A rubber dam was applied during adhesive cementation, and the abutment tooth was cleaned with pumice. Then, the preparation surfaces of the abutment tooth were etched with a 37% phosphoric acid gel (Cica; Promedica) for 15-30 sec (according to the tooth structure; dentin or enamel). Then, the acid etch gel was sprayed off with water for 15 sec, and the tooth was thoroughly dried with air stream. After that, the enamel and dentin walls were conditioned with corresponding primer (Compobond LCM Primer; Promedica) which was mixed according to manufacturer’s instructions and applied for 30 seconds before dispersing the excess using gentle oil-free air stream. Then, the adhesive material (Compobond LCM Adhesive; Promedica) was mixed according to manufacturer’s instructions and applied for 15 seconds before removing the excess using gentle oil-free air stream and light cured for 15 sec. Finally, bonding surfaces of the prosthesis were primed with a ceramic primer (Aureocem DC Ceramic Primer; Promedica) using a microbrush. The primer was left for 60 s, and the excesses were removed with an oil-free air stream. After that, the cement (Aureocem DC Automix, Promedica) was distributed over the resin-bonded IRCFDP bonding surfaces, and the prosthesis was seated in place (Figure 8). Steady finger pressure was applied during the setting time. After cementation, the function and occlusion were checked using articulator papers.

3. Discussion

This clinical report describes replacing the narrow space of a missing mandibular right molar with an esthetic and conservative resin-bonded IRCFDP fabricated from monolithic zirconia. The esthetics of this zirconia resin-bonded IRCFDP were excellent, better than the metal-ceramic FDP. Although this technique has been recommended only as an interim technique of replacing of missing teeth, however, its conservative preparation, esthetic, and reported survival rate suggest that it may be considered as a definitive treatment choice in certain situations [6, 13, 2022]. The framework of the current resin-bonded IRCFDP was made of monolithic zirconia material based on laboratory studies that reported higher fracture load for zirconia-based IRFDPs than those made from lithium disilicate ceramic [2325]. This resin-bonded IRCFDP design was developed to overcome the high failure rate of previous IRFDP designs which might not be recommended for clinical indications [2628]. The presence of wings in this design reduced stress on the inlay retainer caused by torsion forces applied nonaxially and to increase the enamel surface area for bonding. Similar retainer wings have been used in previous studies with cantilevered ceramic resin-bonded FDPs [20, 29].

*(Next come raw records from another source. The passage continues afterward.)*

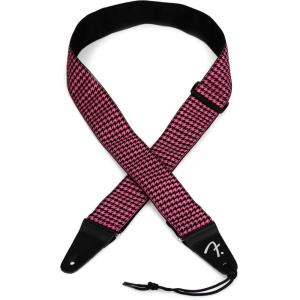 imageFender Houndstooth Jacquard Guitar Strap Stocking Stuffers Guitar Accessories 2in WhitePink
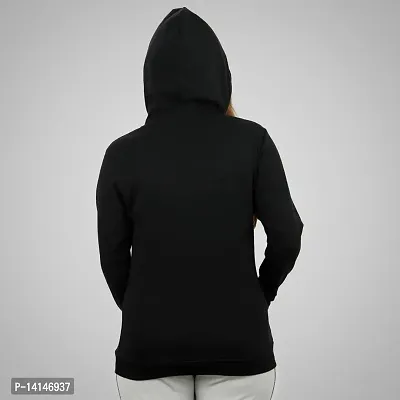 MYO Women's Full Sleeve Hooded Neck T Shirt Pack of 2 Black-Grey-thumb4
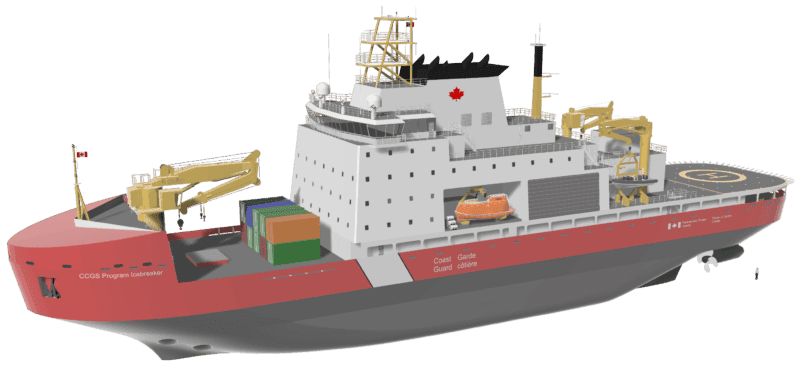 Canada Invests C$11 Billion in Six New Icebreakers for Arctic Operations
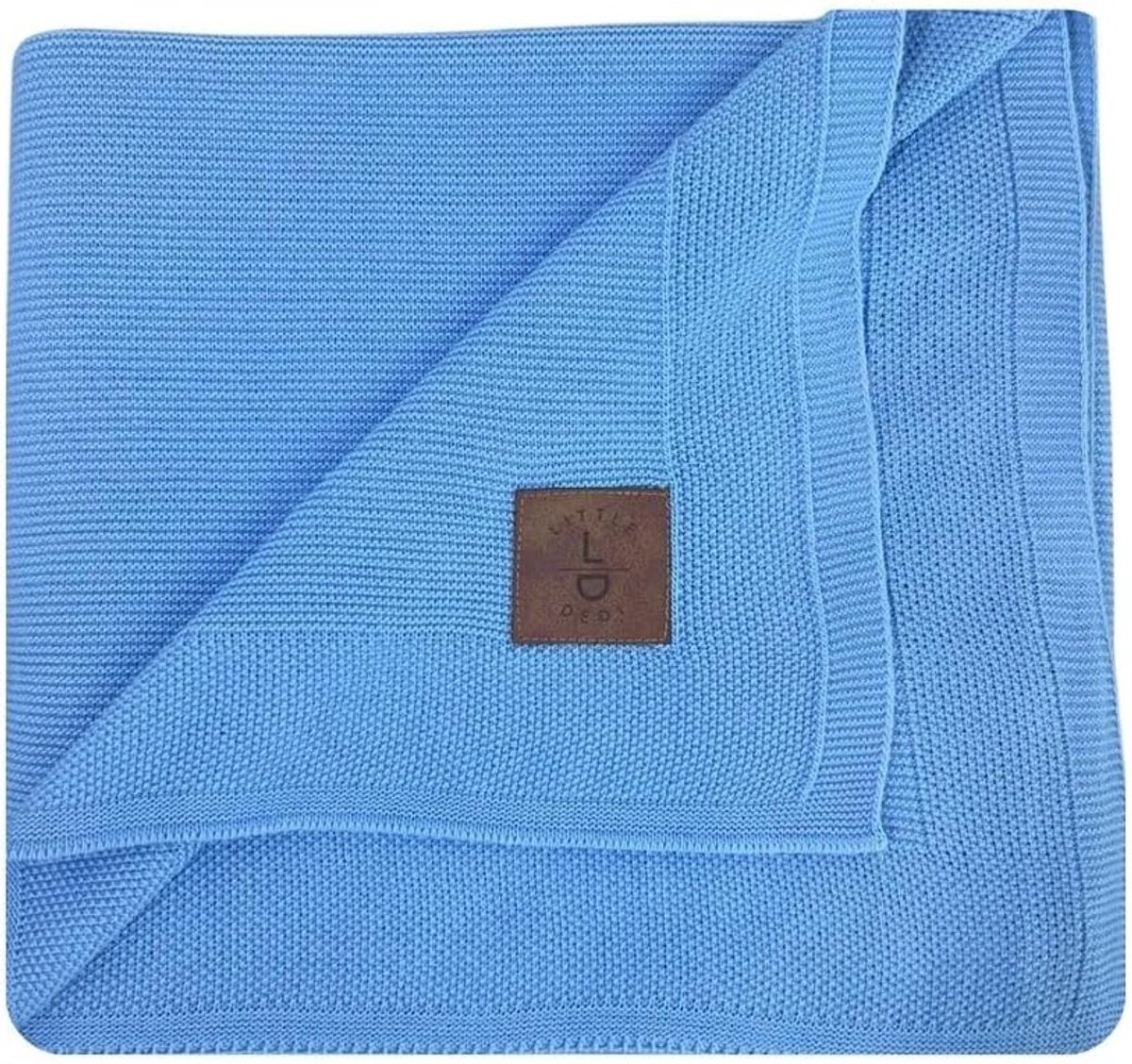 SnelShoppen - Little Dedi Zijdezacht Acryl Babydeken 80x100 cm, Hypoallergeen, Oekotex 100, Thermoregulerend, Ademend, Luxe Comfort, Blauw, Ideaal voo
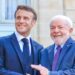 Lula e Macron conversam sobre acordo entre Mercosul e União Europeia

Disadvantages of this design included the poor color match of the resin-bonded IRCFDP to the adjacent natural teeth because the prosthesis was made completely of monolithic zirconia (Figure 6). Additionally, the wings were somewhat bulky which added approximately 0.1 to 0.2 mm to the tooth contour. A suggested minimum thickness of 0.6 to 0.7 mm was used for the zirconia wings, and the tooth preparation was minimal in this area (approximately 0.5 mm) [17].

4. Conclusion

An esthetic and conservative approach to replacing the narrow space of a missing posterior molar with a resin-bonded IRCFDP fabricated from monolithic zirconia was described. After a conservative tooth preparation, a resin-bonded IRCFDP with buccal and lingual wings was fabricated from monolithic zirconia. The patient was so satisfied and pleased with the aesthetics and functional results. This treatment option helped maintain the abutment and the adjacent teeth. Clinical follow-up is important to determine the success rate of this type of prosthesis.

Conflicts of Interest

The authors have no conflict of interest to declare.


The authors would like to thank the Deanship of Graduate Studies and Research in Dar Aluloom University for its support.